Betting group Genting is not the bookies’ favourite as it competes for a coveted casino licence in Japan. The Malaysian outfit lacks the scale or the glitz of rivals in Las Vegas and Macau but it has an ace up its sleeve to enter the hotly anticipated new market in 2020.

The prize is tantalising. The Japanese enjoy a flutter: Pachinko parlours rake in around $30 billion each year. Now the country, eyeing a gaming-economic uplift, will introduce three casino resorts to open a new market. The initial opportunity is worth a potential $10 billion, according to Bernstein estimates. 

The biggest names in the business are readying their bids. Sheldon Adelson’s Las Vegas Sands seems like a shoo-in, and rival MGM Resorts International boasts both deep pockets and extensive experience. With three spots up for grabs, an Asian operator could get lucky too.

Though their Chinese heritage could be a disadvantage given sometimes tense relations between Tokyo and Beijing, Macau’s homegrown operators, Galaxy Entertainment and Melco International Development, will be worthy competitors.

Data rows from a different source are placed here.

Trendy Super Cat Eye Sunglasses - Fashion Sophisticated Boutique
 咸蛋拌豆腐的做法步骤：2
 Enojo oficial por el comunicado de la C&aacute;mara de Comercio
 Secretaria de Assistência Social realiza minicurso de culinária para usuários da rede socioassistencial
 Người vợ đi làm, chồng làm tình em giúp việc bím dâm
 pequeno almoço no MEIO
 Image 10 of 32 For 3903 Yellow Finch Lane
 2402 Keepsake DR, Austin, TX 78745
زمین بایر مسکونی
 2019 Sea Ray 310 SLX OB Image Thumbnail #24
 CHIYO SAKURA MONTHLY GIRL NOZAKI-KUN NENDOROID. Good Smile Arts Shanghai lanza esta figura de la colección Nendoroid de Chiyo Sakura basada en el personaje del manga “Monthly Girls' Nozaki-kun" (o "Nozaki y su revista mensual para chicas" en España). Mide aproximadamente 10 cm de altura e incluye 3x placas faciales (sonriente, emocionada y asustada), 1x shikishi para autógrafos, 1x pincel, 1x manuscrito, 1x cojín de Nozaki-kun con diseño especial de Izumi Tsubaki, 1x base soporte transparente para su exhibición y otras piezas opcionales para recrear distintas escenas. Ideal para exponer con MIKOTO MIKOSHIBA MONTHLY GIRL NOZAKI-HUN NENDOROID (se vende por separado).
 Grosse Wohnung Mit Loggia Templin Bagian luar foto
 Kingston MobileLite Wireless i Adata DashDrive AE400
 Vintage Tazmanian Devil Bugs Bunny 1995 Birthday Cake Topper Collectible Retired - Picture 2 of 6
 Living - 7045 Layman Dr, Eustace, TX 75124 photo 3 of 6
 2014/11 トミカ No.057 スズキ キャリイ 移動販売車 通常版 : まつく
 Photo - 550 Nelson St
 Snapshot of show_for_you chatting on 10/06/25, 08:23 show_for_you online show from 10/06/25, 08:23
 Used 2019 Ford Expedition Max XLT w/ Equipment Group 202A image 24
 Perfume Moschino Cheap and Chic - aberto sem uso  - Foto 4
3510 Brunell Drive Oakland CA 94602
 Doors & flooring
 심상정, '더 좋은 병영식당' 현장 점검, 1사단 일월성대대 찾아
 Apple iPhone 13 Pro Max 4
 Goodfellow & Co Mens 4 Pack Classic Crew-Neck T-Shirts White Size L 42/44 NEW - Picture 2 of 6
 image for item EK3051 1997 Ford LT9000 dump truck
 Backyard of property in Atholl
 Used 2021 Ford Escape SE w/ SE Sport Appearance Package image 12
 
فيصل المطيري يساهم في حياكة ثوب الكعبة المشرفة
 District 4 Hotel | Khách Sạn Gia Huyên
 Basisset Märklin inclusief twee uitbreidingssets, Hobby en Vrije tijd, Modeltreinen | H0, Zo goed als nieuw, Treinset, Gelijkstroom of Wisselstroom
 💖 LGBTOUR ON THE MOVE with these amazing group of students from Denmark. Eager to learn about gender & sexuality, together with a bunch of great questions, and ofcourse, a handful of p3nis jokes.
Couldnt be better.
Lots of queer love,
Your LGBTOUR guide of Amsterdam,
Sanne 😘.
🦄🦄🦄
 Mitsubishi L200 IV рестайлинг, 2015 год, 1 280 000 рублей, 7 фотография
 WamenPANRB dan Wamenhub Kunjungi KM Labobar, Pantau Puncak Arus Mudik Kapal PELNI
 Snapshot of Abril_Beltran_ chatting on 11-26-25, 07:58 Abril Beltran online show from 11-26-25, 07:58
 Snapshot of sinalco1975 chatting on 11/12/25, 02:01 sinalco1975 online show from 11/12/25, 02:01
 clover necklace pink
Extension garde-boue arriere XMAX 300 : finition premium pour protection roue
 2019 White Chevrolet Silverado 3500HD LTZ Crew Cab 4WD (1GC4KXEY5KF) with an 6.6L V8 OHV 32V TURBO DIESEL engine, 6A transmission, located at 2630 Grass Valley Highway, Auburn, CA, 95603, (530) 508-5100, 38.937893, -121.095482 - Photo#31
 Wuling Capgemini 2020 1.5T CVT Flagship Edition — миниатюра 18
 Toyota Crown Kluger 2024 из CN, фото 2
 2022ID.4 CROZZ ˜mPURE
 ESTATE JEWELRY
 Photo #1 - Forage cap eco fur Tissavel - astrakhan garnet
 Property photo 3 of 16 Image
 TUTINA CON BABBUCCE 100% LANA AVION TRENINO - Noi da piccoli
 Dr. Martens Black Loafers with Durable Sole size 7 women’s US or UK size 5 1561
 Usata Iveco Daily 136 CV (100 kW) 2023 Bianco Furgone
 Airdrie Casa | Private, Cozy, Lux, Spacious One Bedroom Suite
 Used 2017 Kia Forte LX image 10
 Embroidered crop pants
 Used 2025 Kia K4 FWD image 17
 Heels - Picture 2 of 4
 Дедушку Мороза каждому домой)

Genting boss Tan Sri Lim Kok Thay is vying for a chance in Osaka or Yokohama, and plans, through a Singapore unit, to raise $3.2 billion for expansion. The group has experience in smaller markets, including its native Malaysia and the Philippines, and a new project under development in Las Vegas lends some street cred. The Malaysian group will also wow wary rookie regulators with the success of its resort in Singapore. Japan studied Asia’s strictest gambling jurisdiction to prepare their own regime. 

Officials in Tokyo have expressed admiration for the robust rule book in the city-state where locals must pay to merely enter the gaming floor. That’s because ordinary folk are fretting over unsavoury side-effects on society: two-thirds of respondents in an October poll said they oppose gambling resorts, according to the Japan Times.

That makes the underdog a more palatable winner too. Genting Singapore’s share price hovers at around 17 times its 2019 earnings, consistently below those of rival bidders in recent years. If the Malaysians play their cards right in Japan, they might hit the jackpot in multiple ways.